O coro completo voltou a reunir-se para a interpretação de Alles was ihr tut (Tudo o que vós fazeis) de Dietrich Buxtehude, cantata com a qual homenagearam o maestro fundador Walter Sulzer que criou o coro em 2006 e o dirigiu até 2013. A partir deste momento o concerto foi enriquecido com a participação de três elementos do Quarteto de Cordas Sul’Arte, constituído em 2013 por músicos profissionais a trabalhar no Algarve: José Gomes no primeiro violino, Helena Duarte no segundo violino, Ângela Silva na violeta e Mikhail Shumov no violoncelo, que abrilhantaram ainda as obras Jesus bleibet meine Freude de Johann Sebastian Bach (1685 -1750) e, para finalizar, Insanae et vanae curae de Joseph Haydn (1732-1809). A paixão do trio contagiou o coro e as vozes soltaram-se num crescendo interpretativo que não podemos deixar de reconhecer.
A fechar o evento, fez questão de falar o senhor pároco, relembrando ser ele o detentor das chaves daquela igreja, congratulando-se por nela ter a oportunidade de acolher neste dia música sacra e erudita mas na semana seguinte fanfarra e muita música popular, para celebrar a alegria da ressurreição, convidando todos os presentes para ali se reunirem de novo no próximo domingo de Páscoa.
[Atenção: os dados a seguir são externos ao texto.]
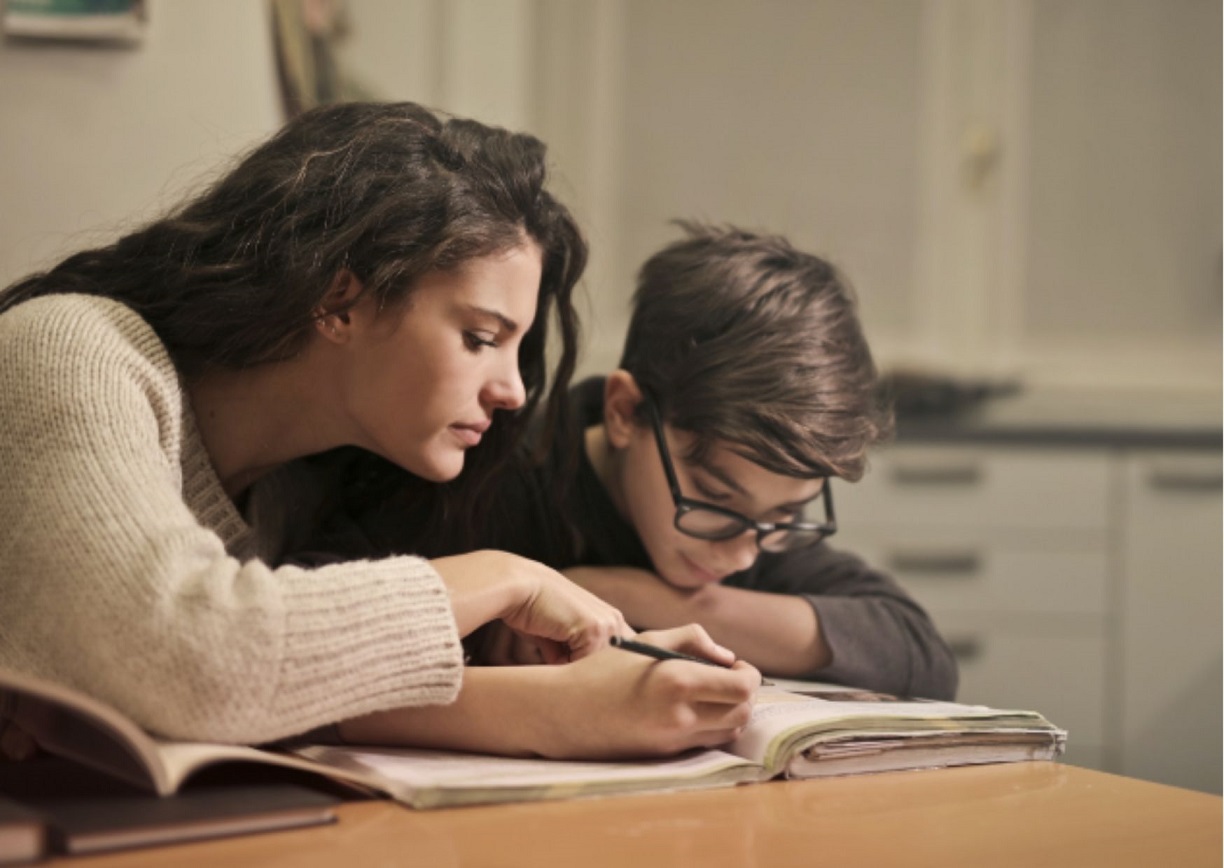 A woman helping her child with a homework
São atitudes de abertura e flexibilidade como esta que proporcionam os momentos de encontro que testemunhámos neste concerto.
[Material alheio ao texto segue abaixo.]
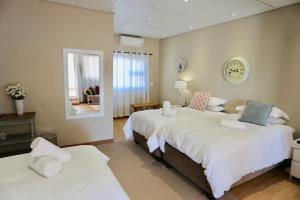 a bedroom with two beds and a mirror at Boutique Guesthouse Mariental in Mariental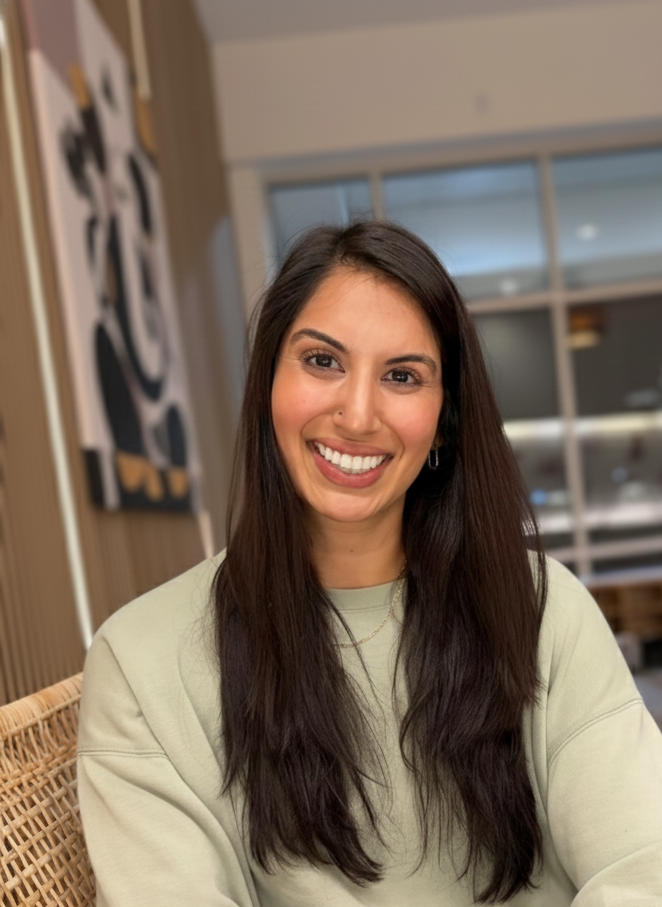 A woman with long, wavy brown hair smiling and crossing her arms against a wooden wall.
Tratou-se de um concerto coerente, de repertório bem doseado entre sofrimento evocador da presente quaresma e antecipação das alegrias da ressurreição. Apesar das diferenças de desempenho que, sem dúvida, se registaram neste grupo tão heterogéneo, o que marcou foi a conjugação de esforços, a coragem desta ousada proposta de Francisco Brazão e, sobretudo, o prazer de fazer e ouvir música.